Chapter 137: Five Men in the Quarantine Camp

“When you’re finished, pack your things. We’re going to Lingao.”

“Really? Master,” Dermot said excitedly. “I hear the Australians in Lingao have built many churches and monasteries.”

“No, not many. Only three or four.”

“Will they let me paint murals for the churches?”

“Of course, I don’t think they would refuse.” He’s such a simple person! Jin Lige thought. All he thinks about is painting.

Although both Geronimo and Father Comanjet had assured the small mission that the Australians would welcome them to preach and were very friendly to priests, and would surely receive them warmly, Jin Lige’s confidence began to waver as soon as he reached Australian territory.
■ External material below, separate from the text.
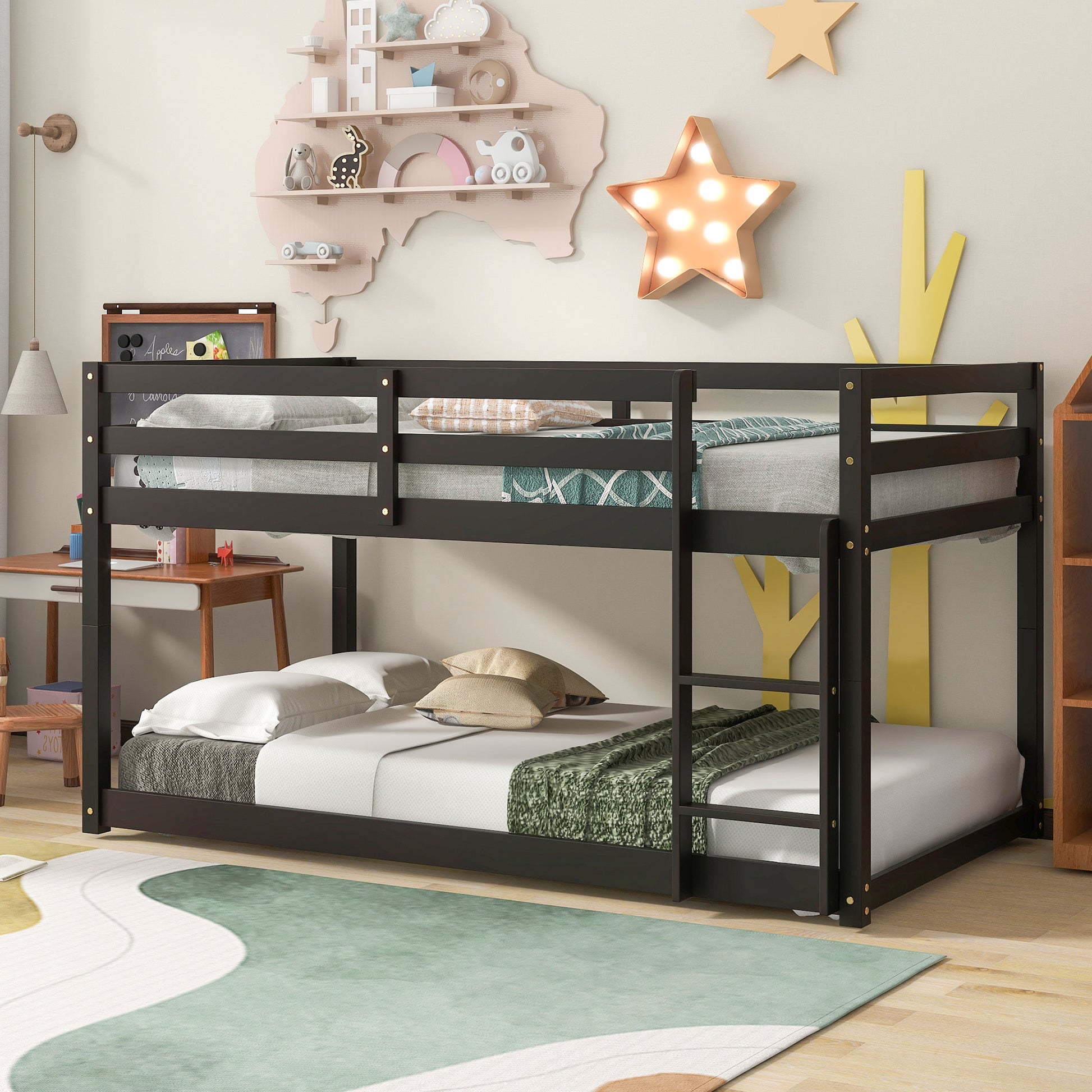 Twin Over Twin Floor Bunk Bed,Espresso Old Sku:W50437211 Twin Espresso Pine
Not long after the Jesuit ship entered the Qiongzhou Strait, it was intercepted and boarded for inspection by an Australian patrol boat. Father Trigault found that even though the war was over, a tense atmosphere still lingered in the strait. He guessed that the Ming government’s armed campaign was not yet completely over.

The priest explained his identity and purpose in Cantonese to the Australian soldiers who boarded the ship, presenting the Jesuit’s credentials and a personal letter from Father-General Geronimo. But the Australian officer on board seemed uninterested in any of it, his attitude cold. Father Trigault silently recited a prayer. It seemed Father Lu Ruohua’s claims about the glory of the Lord shining all over Lingao were an exaggeration. Spreading the gospel here would be no easier than in any other part of China.

“You will follow the patrol boat,” the officer commanded the sailors. Several soldiers then took control of the helm and other key positions on the ship.

The ship, escorted by the patrol boat, sailed toward Lingao. The strait was still empty, with no other vessels in sight, only Australian ships flying their blue and white flags, ostentatiously declaring their dominion over the waters.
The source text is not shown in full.